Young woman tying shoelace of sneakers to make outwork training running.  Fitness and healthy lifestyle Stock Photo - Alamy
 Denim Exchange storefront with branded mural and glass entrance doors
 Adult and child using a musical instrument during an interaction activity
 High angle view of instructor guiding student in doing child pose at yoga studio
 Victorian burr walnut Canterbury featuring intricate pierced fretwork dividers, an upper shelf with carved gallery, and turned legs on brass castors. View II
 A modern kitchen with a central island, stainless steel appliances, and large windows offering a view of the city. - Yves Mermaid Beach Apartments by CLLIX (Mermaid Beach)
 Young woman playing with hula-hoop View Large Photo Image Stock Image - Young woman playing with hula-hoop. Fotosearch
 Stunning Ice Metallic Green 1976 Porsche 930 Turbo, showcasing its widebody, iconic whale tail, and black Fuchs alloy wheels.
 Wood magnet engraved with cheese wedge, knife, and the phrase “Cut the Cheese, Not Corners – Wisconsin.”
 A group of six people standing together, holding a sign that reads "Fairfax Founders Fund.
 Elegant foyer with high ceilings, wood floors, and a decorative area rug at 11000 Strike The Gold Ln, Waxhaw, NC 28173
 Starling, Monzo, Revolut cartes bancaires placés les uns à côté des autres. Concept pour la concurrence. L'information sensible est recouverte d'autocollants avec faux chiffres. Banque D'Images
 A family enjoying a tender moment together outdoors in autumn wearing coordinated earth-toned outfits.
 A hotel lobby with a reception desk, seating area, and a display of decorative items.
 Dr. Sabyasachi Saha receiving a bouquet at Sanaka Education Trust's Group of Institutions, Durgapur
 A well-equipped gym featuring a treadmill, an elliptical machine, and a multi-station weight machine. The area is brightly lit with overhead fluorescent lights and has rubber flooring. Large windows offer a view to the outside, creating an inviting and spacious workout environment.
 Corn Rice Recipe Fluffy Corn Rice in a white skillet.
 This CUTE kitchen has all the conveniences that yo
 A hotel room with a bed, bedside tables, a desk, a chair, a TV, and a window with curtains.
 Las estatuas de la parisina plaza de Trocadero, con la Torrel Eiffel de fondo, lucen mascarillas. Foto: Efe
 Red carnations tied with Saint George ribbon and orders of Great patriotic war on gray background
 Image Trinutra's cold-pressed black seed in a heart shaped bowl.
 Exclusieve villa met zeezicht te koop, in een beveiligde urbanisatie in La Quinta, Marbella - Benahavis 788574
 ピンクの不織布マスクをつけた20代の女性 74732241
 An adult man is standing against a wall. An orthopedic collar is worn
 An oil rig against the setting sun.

Problem statement
Above are the records. Copy the lines beginning at the one that has "A modern kitchen" and ending with the one that has "Young woman playing with hula-hoop View", unchanged.

Answer box
 A modern kitchen with a central island, stainless steel appliances, and large windows offering a view of the city. - Yves Mermaid Beach Apartments by CLLIX (Mermaid Beach)
 Young woman playing with hula-hoop View Large Photo Image Stock Image - Young woman playing with hula-hoop. Fotosearch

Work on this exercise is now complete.